Kali ini penceramah Adi Hidayat, yang punya banyak jamaah, menyebut: “kami berusaha mencari dan melihat pakar sejarah dikumpulkan, ternyata nama aslinya Pattimura itu bukan Thomas Matulessy, tapi Ahmad Lussy”. Teori Adi Hidayat itu disebut-sebut berasal dari sebuah buku sejarah.
Baca juga: Dari Matulessia Menjadi Matulessy
Teori yang dimaksud adalah pendapat Ahmad Mansur Suryanegara yang hanya sepintas lalu menyinggung Pattimura dalam bukunya, Api Islam (2018). Buku inilah yang menjadi rujukan kehebohan itu. Ahmad Mansur Suryanegara dianggap orang penting dalam Islamisasi penulisan sejarah di Indonesia dan karyanya banyak disantap pembaca awam.

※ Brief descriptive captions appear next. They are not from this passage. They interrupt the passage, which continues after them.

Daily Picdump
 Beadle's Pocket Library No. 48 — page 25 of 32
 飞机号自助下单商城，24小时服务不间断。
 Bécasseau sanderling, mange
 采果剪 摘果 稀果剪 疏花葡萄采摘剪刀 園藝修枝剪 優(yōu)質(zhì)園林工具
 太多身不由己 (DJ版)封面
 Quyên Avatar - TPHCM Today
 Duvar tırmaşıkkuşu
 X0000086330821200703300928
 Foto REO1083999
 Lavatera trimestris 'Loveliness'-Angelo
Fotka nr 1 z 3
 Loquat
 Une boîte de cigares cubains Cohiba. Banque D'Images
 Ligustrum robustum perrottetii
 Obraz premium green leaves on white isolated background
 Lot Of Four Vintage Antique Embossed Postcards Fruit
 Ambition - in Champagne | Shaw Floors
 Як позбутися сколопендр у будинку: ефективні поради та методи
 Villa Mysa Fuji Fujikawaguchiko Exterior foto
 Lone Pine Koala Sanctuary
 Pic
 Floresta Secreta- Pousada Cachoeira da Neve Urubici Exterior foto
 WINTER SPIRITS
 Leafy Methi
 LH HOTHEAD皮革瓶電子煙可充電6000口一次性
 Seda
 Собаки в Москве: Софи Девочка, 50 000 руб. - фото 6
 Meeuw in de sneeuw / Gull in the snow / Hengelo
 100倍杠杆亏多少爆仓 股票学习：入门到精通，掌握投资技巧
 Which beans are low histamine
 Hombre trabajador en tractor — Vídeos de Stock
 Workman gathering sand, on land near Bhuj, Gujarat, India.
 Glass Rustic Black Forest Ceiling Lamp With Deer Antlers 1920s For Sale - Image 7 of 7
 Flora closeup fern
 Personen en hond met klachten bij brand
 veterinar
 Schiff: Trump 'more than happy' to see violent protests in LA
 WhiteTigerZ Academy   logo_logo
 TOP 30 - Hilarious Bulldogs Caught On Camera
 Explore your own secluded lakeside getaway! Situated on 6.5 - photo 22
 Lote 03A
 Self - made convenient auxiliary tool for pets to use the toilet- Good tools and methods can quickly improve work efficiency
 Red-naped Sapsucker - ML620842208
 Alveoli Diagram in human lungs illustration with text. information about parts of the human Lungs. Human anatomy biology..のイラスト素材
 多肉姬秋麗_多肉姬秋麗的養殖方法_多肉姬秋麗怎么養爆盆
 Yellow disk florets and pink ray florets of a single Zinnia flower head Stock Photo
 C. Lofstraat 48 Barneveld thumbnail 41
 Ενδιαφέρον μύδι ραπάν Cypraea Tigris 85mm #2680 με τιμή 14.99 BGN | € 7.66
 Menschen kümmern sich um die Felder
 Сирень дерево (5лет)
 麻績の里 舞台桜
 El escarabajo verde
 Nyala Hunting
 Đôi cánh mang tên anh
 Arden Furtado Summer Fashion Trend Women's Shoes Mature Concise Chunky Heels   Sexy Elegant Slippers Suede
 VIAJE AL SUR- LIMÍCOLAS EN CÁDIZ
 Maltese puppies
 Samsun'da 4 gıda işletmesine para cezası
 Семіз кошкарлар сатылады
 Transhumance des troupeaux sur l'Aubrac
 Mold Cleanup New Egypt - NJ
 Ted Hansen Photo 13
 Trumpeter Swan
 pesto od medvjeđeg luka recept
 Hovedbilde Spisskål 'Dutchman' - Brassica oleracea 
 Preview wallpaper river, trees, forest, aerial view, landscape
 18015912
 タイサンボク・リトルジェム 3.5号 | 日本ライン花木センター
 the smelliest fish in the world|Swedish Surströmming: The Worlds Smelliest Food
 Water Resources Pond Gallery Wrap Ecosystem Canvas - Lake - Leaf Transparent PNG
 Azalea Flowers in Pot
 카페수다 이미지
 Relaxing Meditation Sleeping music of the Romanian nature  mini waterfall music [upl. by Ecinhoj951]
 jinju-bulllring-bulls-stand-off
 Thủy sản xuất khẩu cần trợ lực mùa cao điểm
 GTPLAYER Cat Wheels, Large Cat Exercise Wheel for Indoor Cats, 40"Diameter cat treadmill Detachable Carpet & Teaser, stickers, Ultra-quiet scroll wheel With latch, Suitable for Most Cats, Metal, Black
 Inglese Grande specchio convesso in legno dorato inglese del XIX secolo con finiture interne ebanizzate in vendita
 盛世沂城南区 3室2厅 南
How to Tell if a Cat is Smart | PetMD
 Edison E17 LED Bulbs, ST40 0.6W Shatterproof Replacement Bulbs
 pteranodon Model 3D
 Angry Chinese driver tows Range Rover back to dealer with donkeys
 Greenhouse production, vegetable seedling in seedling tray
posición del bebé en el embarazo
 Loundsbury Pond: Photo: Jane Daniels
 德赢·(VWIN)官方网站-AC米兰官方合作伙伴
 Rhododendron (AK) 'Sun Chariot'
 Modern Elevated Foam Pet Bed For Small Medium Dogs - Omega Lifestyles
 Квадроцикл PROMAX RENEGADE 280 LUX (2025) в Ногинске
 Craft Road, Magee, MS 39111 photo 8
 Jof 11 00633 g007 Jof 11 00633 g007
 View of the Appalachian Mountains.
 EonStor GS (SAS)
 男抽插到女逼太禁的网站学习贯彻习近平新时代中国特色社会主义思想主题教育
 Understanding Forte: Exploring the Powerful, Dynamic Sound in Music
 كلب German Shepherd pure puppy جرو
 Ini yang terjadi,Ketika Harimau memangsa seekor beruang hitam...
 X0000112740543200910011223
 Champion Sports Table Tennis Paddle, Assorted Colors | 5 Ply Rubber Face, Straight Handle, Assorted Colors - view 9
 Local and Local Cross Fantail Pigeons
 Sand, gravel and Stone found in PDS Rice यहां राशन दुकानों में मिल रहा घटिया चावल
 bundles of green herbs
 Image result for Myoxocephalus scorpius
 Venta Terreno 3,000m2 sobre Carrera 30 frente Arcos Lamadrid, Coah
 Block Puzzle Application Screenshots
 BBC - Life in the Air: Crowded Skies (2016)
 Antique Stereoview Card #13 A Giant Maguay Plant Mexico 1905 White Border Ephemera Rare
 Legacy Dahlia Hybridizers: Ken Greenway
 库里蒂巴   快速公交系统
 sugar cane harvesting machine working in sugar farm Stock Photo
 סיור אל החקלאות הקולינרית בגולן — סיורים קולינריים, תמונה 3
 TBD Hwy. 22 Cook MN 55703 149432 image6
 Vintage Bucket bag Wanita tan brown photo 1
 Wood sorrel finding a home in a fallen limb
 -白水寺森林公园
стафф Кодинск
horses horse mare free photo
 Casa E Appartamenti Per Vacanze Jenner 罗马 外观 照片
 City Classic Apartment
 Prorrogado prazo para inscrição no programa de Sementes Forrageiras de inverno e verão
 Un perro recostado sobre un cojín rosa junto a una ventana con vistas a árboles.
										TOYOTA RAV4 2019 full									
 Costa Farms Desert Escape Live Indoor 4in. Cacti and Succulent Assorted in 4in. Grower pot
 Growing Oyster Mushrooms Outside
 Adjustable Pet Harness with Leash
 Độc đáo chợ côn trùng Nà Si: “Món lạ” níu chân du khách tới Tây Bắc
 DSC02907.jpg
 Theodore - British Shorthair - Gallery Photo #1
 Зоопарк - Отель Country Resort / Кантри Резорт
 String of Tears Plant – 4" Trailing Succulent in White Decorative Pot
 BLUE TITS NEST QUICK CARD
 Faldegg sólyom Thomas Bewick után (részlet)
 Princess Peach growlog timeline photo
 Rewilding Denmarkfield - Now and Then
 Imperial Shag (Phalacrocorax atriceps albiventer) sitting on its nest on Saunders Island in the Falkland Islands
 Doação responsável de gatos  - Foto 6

“Akibat penindasan dan kekejaman penjajah Protestan Belanda, bangkitlah perlawanan bersenjata dipimpin oleh Kapten Pattimura. Di Ambon penyandang nama Pattimura adalah muslim. Oleh karena itu, salahlah jika dalam penulisan sejarah, Kapten Pattimura disebut seorang Kristen,” tulis Ahmad Mansur Suryanegara, yang pernah mengoreksi buku Sejarah Nasional Indonesia yang dirilis Orde Baru. Sebelum dan sesudah paragraf itu tidak ada penjelasan lain tentang Pattimura.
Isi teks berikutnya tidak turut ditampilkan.